───── Material for this task

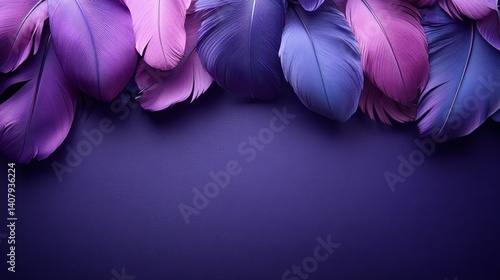 feathers on a purple background suitable for design,copy space mardi gras celebration,photo stock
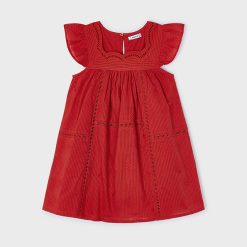 MAYORAL Φόρεμα κέντημα Better Cotton κορίτσι 24-03930-076 Γρεναδίνη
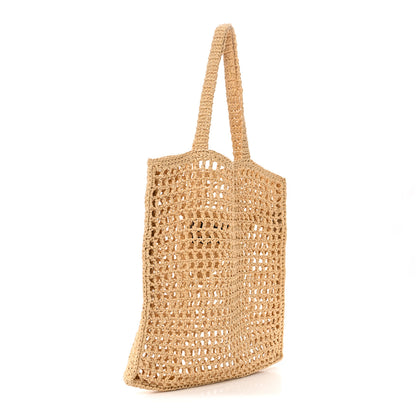 Prada Yarn Raffia Effect Crochet Logo Embroidered Tote Bag Naturale 3 of 11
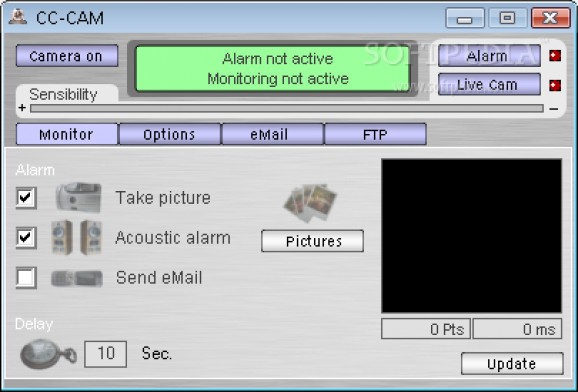 CC-CAM alarm system screenshot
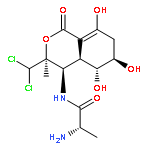 PROPANAMIDE, 2-AMINO-N-[3-(DICHLOROMETHYL)-3,4,4A,5,6,7-HEXAHYDRO-5,6,8-TRIHYDROXY-3-METHYL-1-OXO-1H-2-BENZOPYRAN-4-YL]-, [3S-[3.ALPHA.,4.ALPHA.(R*),4A.BETA.,5.BETA.,6.ALPHA.]]- 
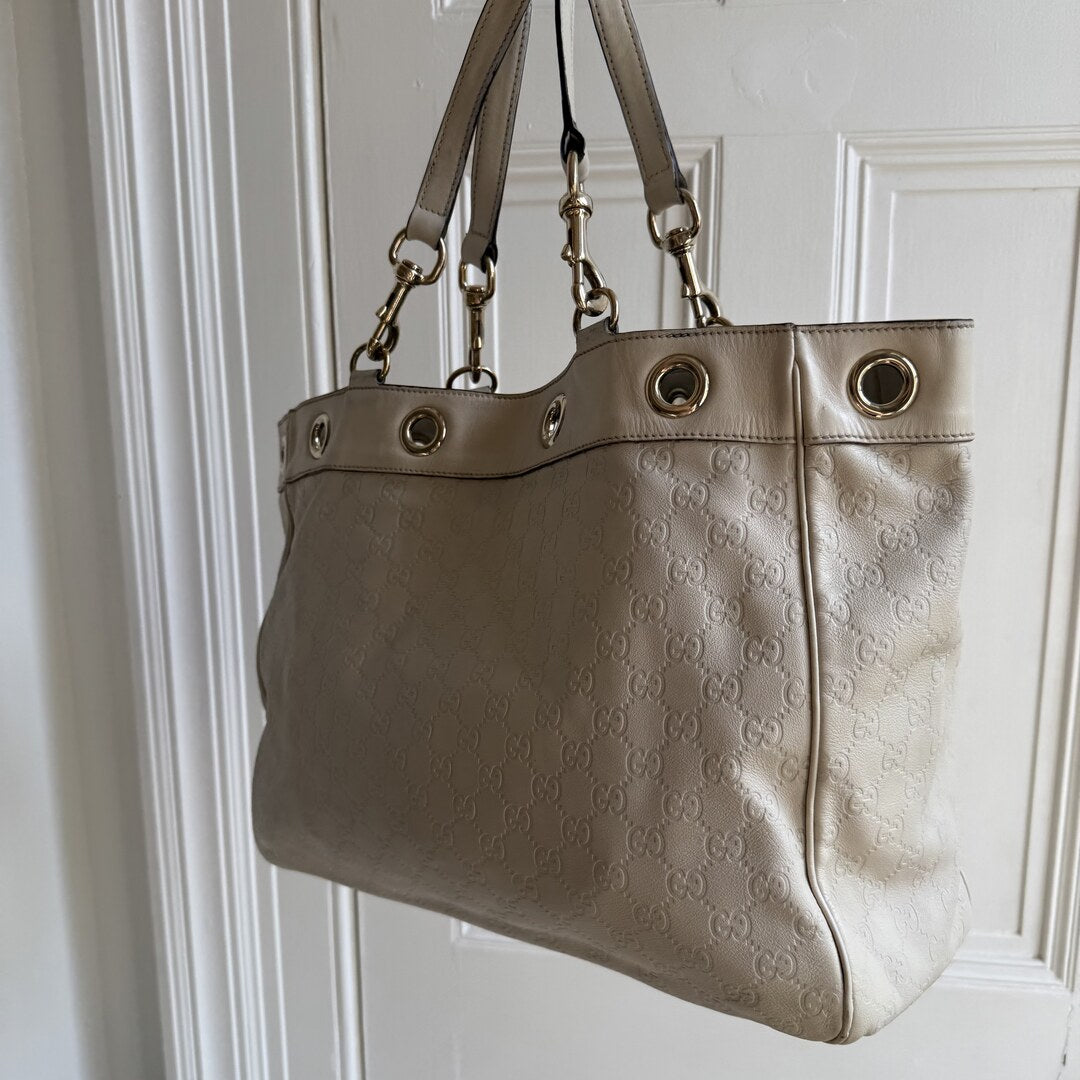 Gucci Guccissima White Leather Tote Bag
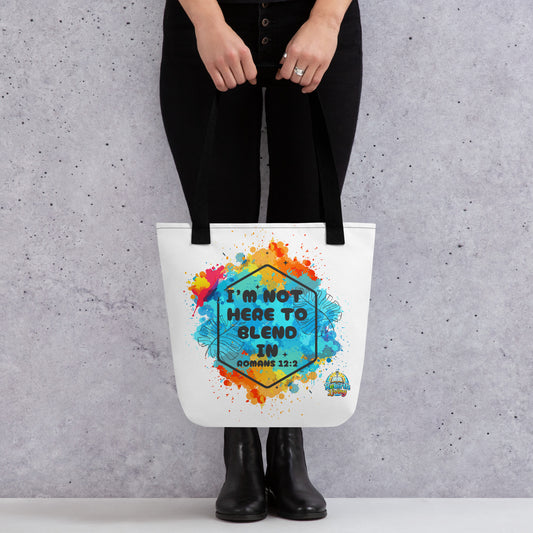A Person holding a I’m Not Here to Blend In Christian canvas tote bag – reusable faith-based carryall, natural cotton, inspirational statement design by ReBirth Living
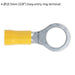 100 PACK Easy-Entry Ring Terminal - 10.5mm Dia - 12 to 10 AWG Cable - Yellow Loops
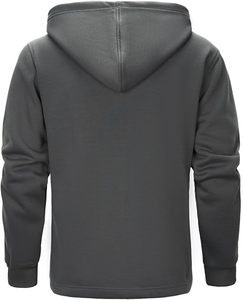 Sweat-shirt à capuche pour homme, couleur unie, coton, molleton français, décontracté, coupe classique, poche zippée, design automne - Product Image 3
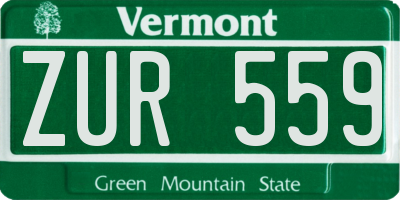 VT license plate ZUR559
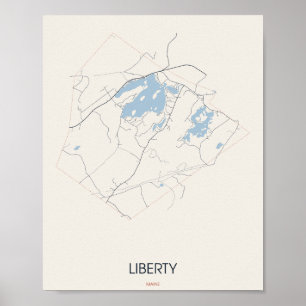 Freiheit, Maine Straßenkarte Poster –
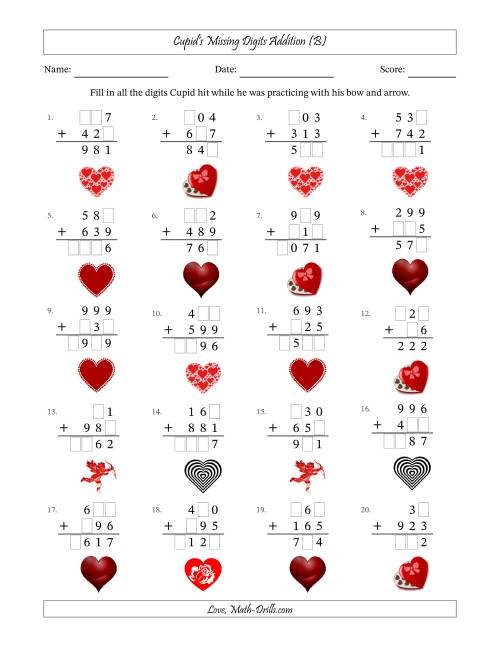 The Cupid's Missing Digits Addition (Easier Version) (B) Math Worksheet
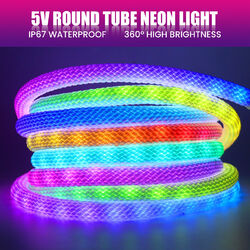 WS2812B 5V RGB Neon LED Streifen Flex Schlauch Lichterkette Lichtband Dimmbar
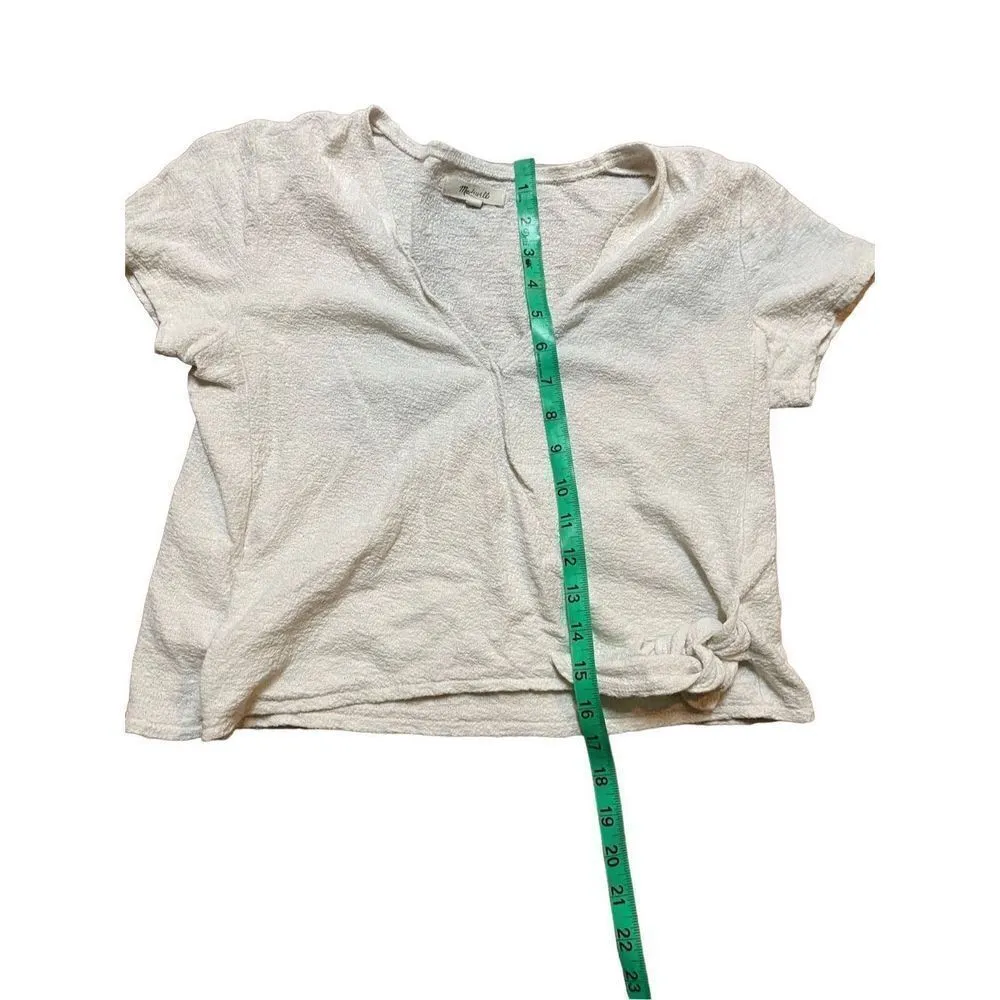Madewell Wrap front tie Shirt Womens Small S Short Sleeve V Neck Pullove… - Image 6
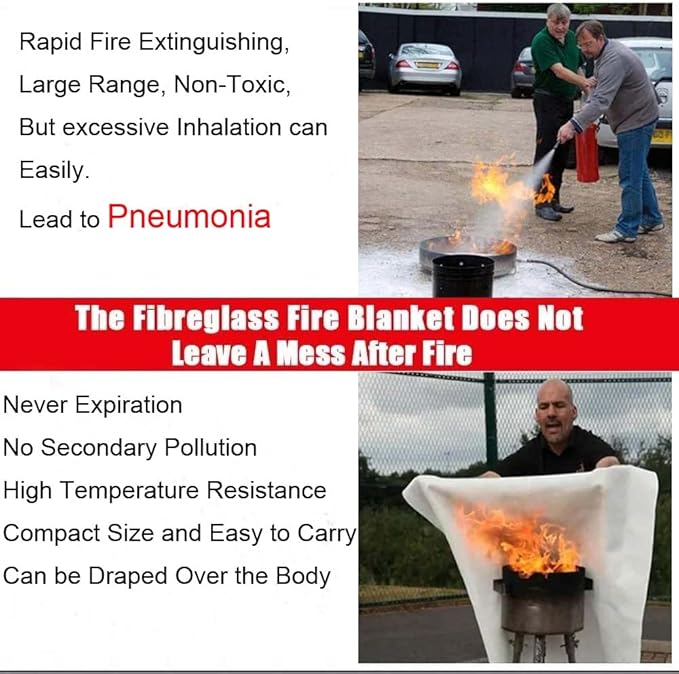 Fire Blanket for Home Emergency Survival – Fiberglass Suspend Fire Flames Suspension Blankets for Home and Kitchen School Grill Garage House Warehouse Safety (2pcs-FireBlankets)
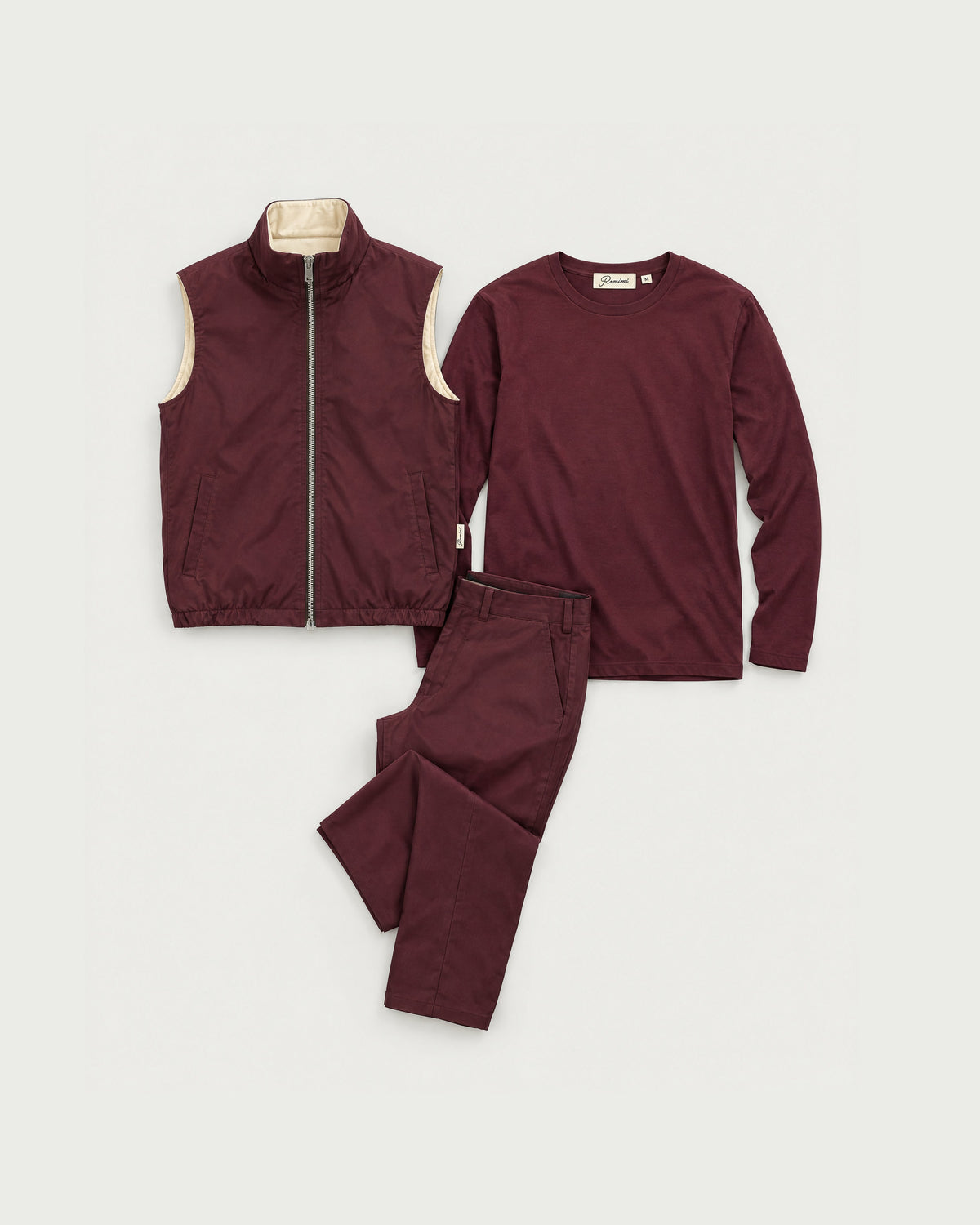 Romimi Reverso Set in Burgundy, front view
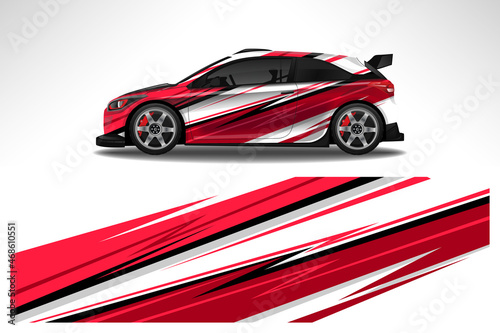 Car wrap design race livery vehicle vector. Graphic abstract stripe racing background kit designs for vehicle  race car  rally  adventure and livery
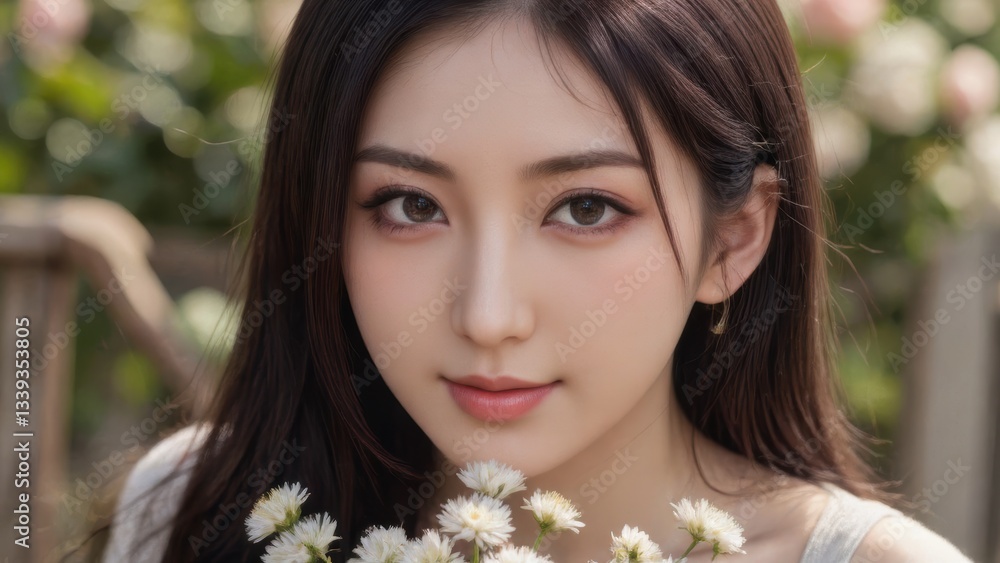 Portrait of Serene Asian Woman Holding White Flowers in Garden, Close-up, Soft Light, Natural Beauty, Spring, Floral, Peaceful, Model, Attractive, Portrait Photography Portrait of Serene Asian Woman Holding White Flowers in Garden, Close-up, Soft Light, Natural Beauty, Spring, Floral, Peaceful, Model, Attractive, Portrait Photography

──────────

Both the line containing "VT license plate ZUR559" and the line containing "WS2812B 5V RGB" above belong in the output, as do the lines between them. Print them exactly, without pictures.

▸ Problem solution
 VT license plate ZUR559
 Freiheit, Maine Straßenkarte Poster –
 The Cupid's Missing Digits Addition (Easier Version) (B) Math Worksheet
 WS2812B 5V RGB Neon LED Streifen Flex Schlauch Lichterkette Lichtband Dimmbar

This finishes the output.